Thursday, 3 September 2009

St Valentine or Juno?


As we all know the early Christian church grafted many of its feast days on to pre-existing pagan festivals, Christmas being the chief case in point. I was told by someone, I can’t remember who, that St Valentine’s Day is actually the festival of Juno. I suppose it makes sense: after all why would a Christian martyr, of whom almost nothing is known, be associated with a pagan-like celebration of love? The matter, however, is not quite as simple as I was led to suppose.

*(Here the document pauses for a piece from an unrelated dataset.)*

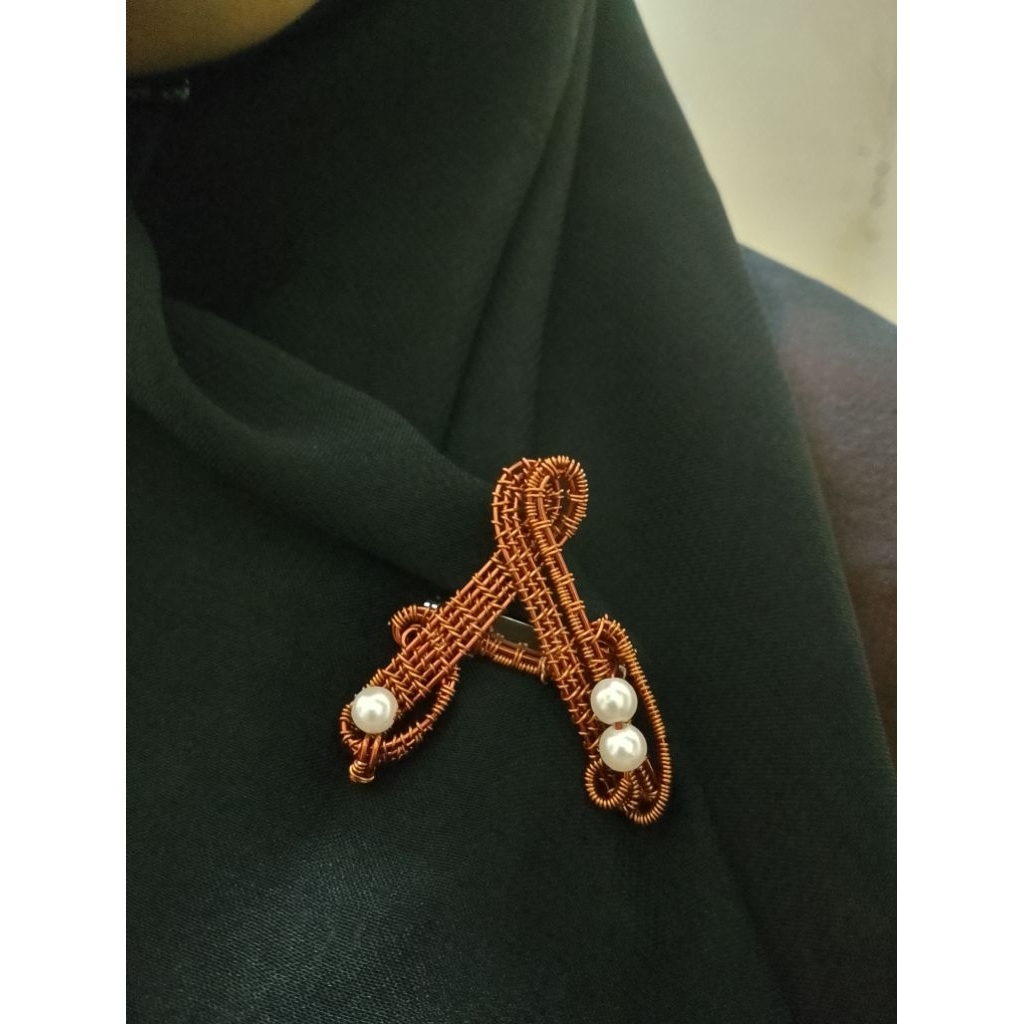 Bros inisial huruf A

The Romans celebrated Lupercalia in mid-February, a pastoral festival associate with purification and fertility rather than love as such. The chief deity invoked was Lupercus, sometimes identified with Faunus, the Roman equivalent to the Great God Pan. Yes, fertility and a degree of excess, as Plutarch depicts;

Lupercalia, of which many write that it was anciently celebrated by shepherds, and has also some connection with the Arcadian Lycaea. At this time many of the noble youths and of the magistrates run up and down through the city naked, for sport and laughter striking those they meet with shaggy thongs. And many women of rank also purposely get in their way, and like children at school present their hands to be struck, believing that the pregnant will thus be helped in delivery, and the barren to pregnancy.

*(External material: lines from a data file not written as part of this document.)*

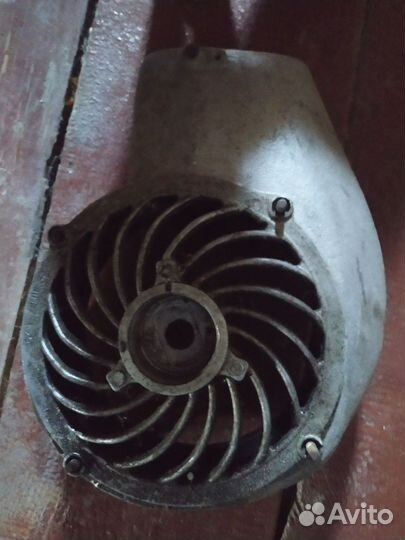 Запчасти на мотороллер муравей бу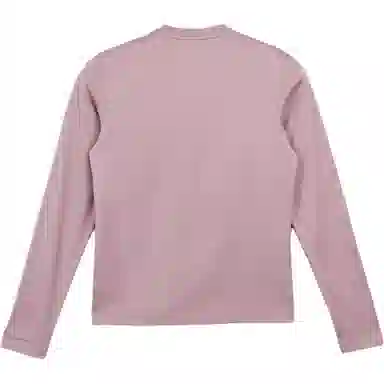 Y-3 Regular Long Sleeve Tee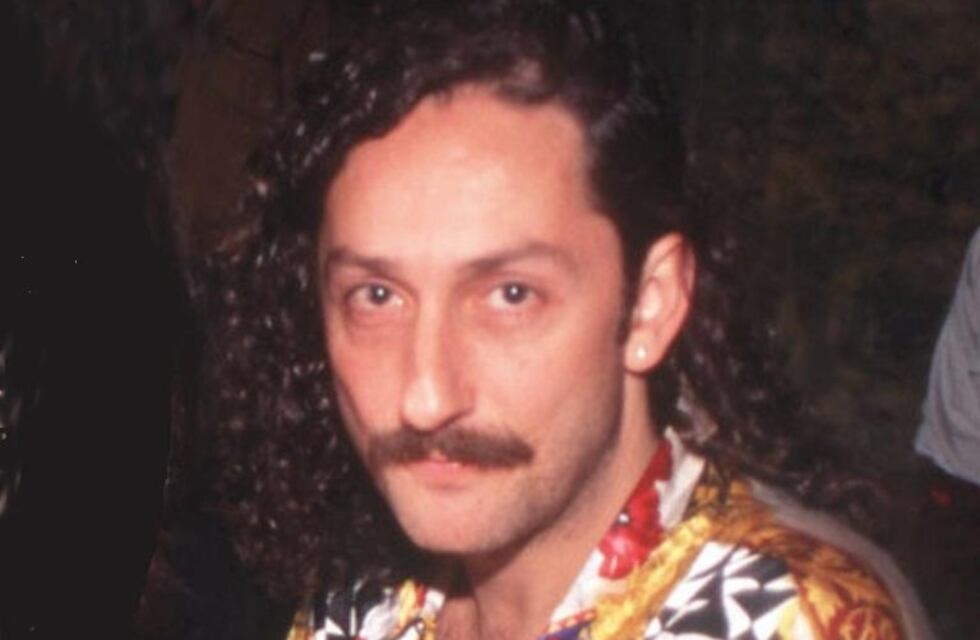 El hijo del "Negro" Olmedo vio a Rodrigo por primera vez la noche que murieron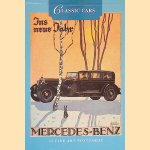 Classic Cars: 32 Fine Art Postcards
Postcard Book
€ 5,00 Classic Cars: 32 Fine Art Postcards
Postcard Book
€ 5,00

The other festival associated with this period, and the one to which I was guided, is that of Juno Februata, during which boys are supposed to have drawn girls names from a box in honour of the Goddess. Christians then took to substituting the names of saints. But this conjecture is traceable only to The Lives of the Saints, the work of the seventeenth century hagiographer and priest, Alban Butler. It was subsequently embellished by Francis Douce in Illustrations of Shakespeare, who supplies Valentine as the favoured name. Thus was the connection established, and thus it has been maintained. It’s no more than a romantic fiction!

2 comments:

  1. This list is endless! Diana’s festival, too, was ousted by the Christian church into the festival of the Assumption of the virgin on August 15. Mary suckled the infant Christ much the same way as Isis is seen to suckle Horus whom many an ignorant Christian have mistaken for the Madonna and worshipped. (See Frazer’s chapter on ‘The hanged God’ in The Golden Bough)

    The Roman festival of shepherds, known as the Parilia was replaced by the festival of St George of the dragon in April.

    Similarly, what better way to duplicate the water feast into the festival of St John the Baptist on 23 June? St Augustine denounced and forbade this festival, condemning it as a heathen practice. Frazer goes on to write


    We may conjecture that the church, unable to put down this relic of Paganism, followed its usual policy of accommodation by bestowing on the rite a Christian name and acquiescing, with a sigh, in its observance. And casting about for a saint to supplant a heathen patron of bathing, the Christian doctors could hardly have hit upon a more appropriate successor than St John the Baptist.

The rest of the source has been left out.